> Input data:
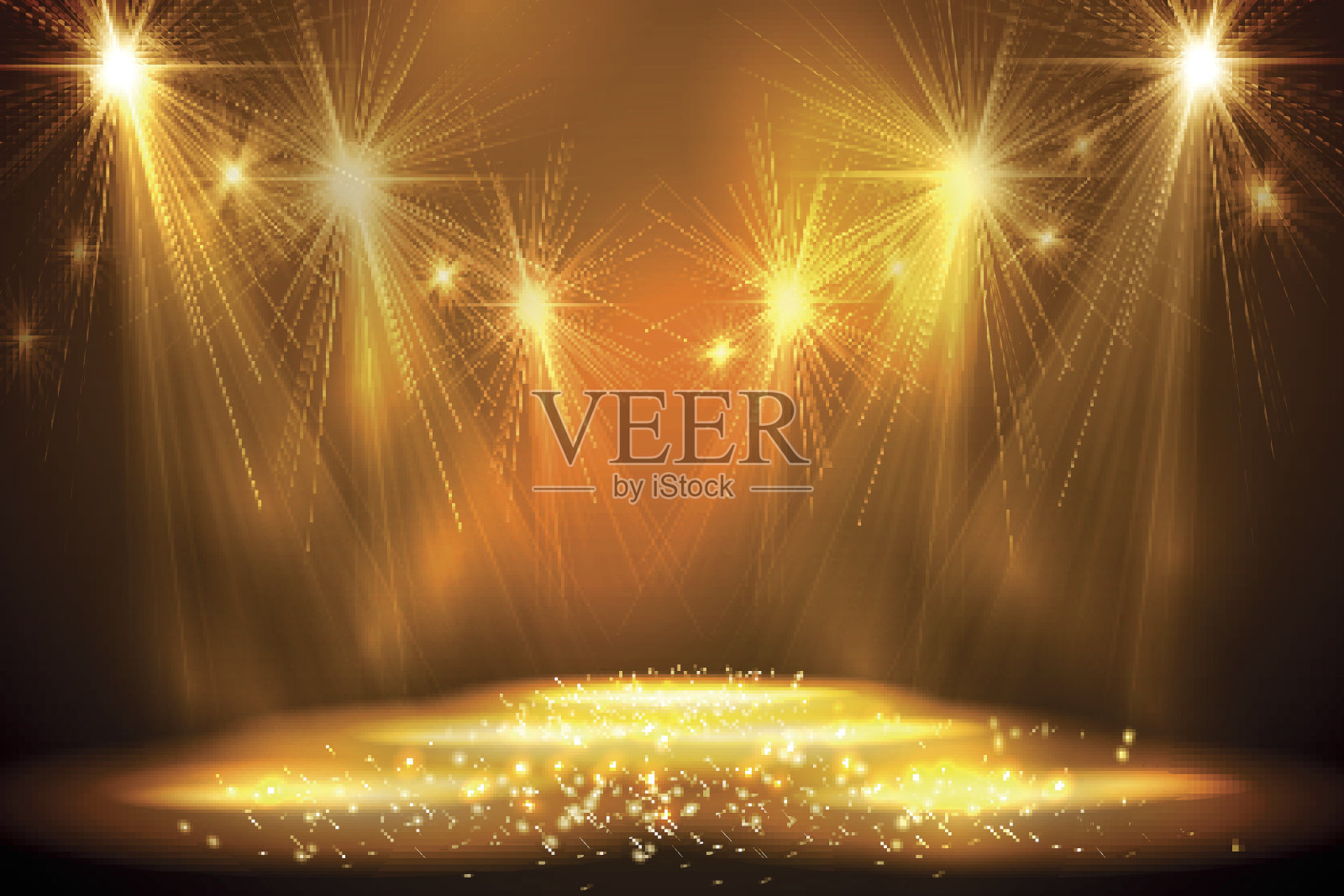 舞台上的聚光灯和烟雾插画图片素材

---

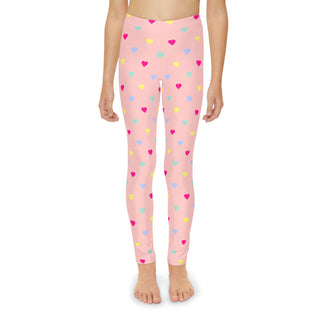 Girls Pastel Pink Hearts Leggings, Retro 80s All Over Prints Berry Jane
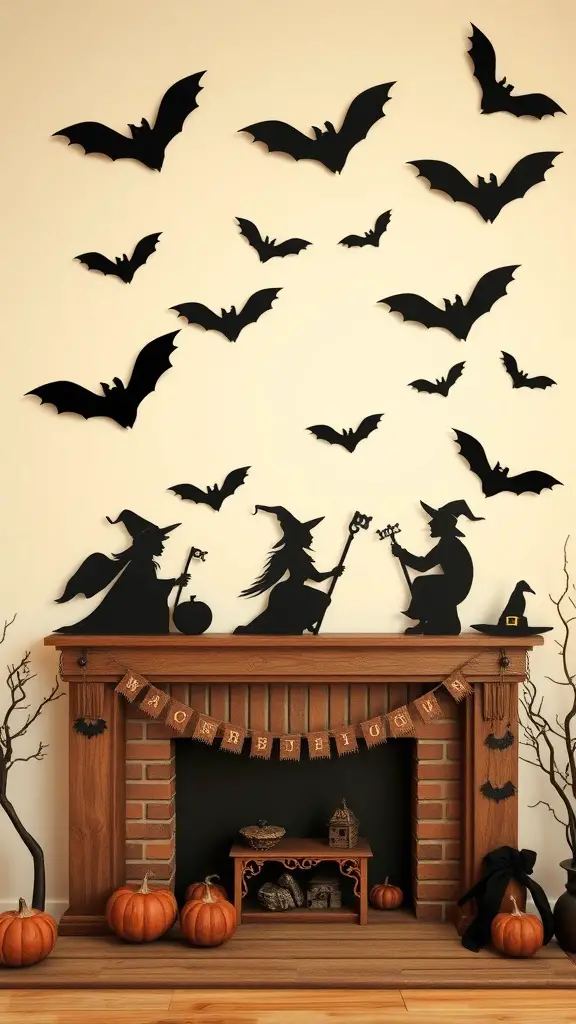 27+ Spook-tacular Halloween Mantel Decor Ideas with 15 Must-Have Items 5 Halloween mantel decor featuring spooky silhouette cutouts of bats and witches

--

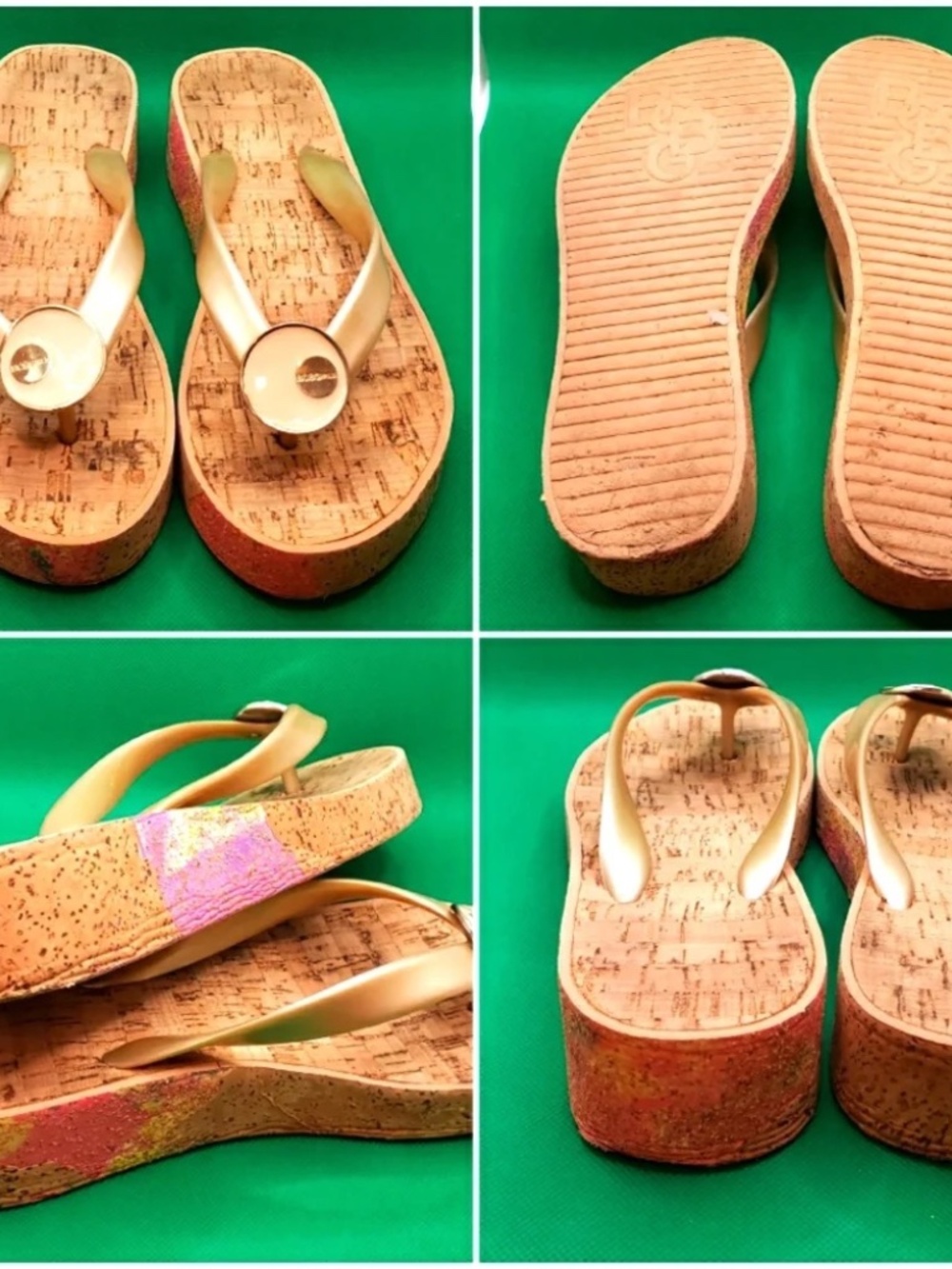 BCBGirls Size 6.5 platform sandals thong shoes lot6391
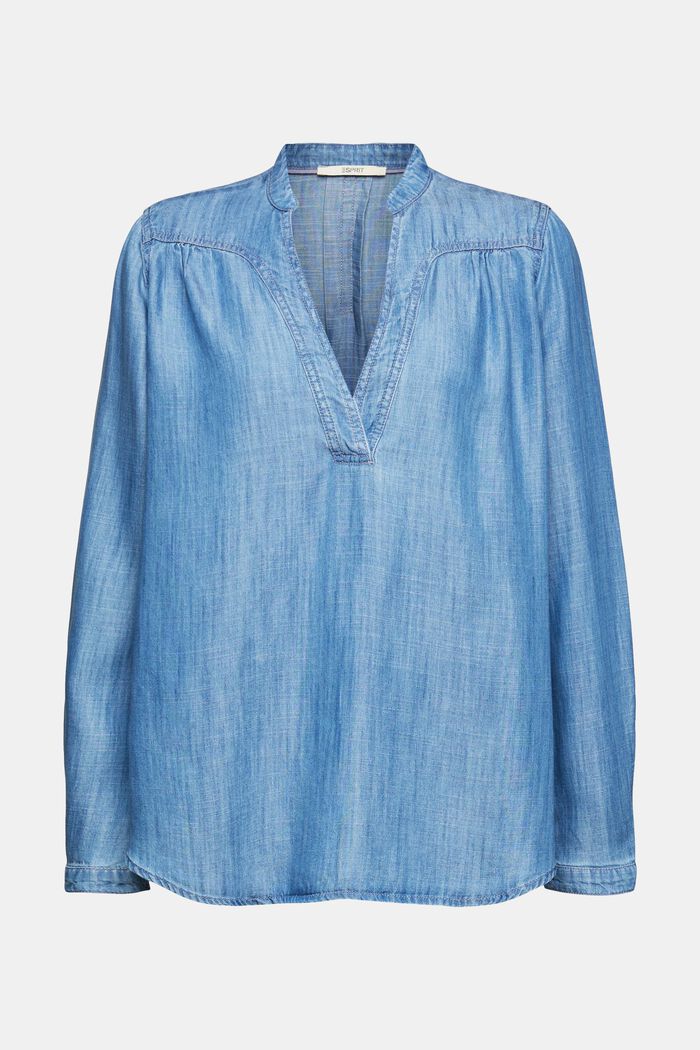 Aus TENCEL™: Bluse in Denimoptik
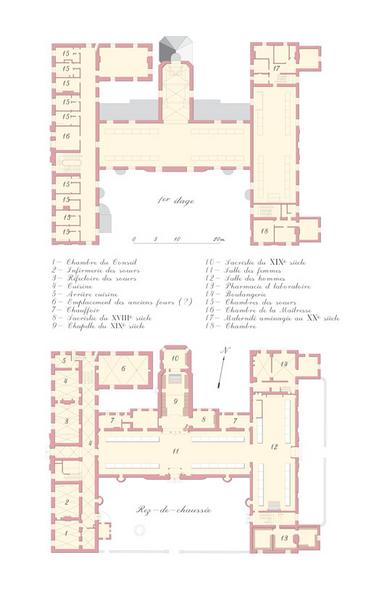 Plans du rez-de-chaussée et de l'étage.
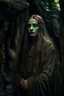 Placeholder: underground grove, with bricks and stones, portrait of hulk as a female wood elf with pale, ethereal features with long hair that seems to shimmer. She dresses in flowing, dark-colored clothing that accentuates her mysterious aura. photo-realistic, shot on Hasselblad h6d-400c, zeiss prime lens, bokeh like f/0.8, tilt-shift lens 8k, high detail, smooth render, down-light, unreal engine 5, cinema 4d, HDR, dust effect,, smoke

> Task to complete: Starting at the line above with "BCBGirls Size 6.5", output every line exactly up to and including the line with "Plans du rez-de-chaussée et de l'étage.", but none of the pictures.

> Your solution:
 BCBGirls Size 6.5 platform sandals thong shoes lot6391
 Aus TENCEL™: Bluse in Denimoptik
 Plans du rez-de-chaussée et de l'étage.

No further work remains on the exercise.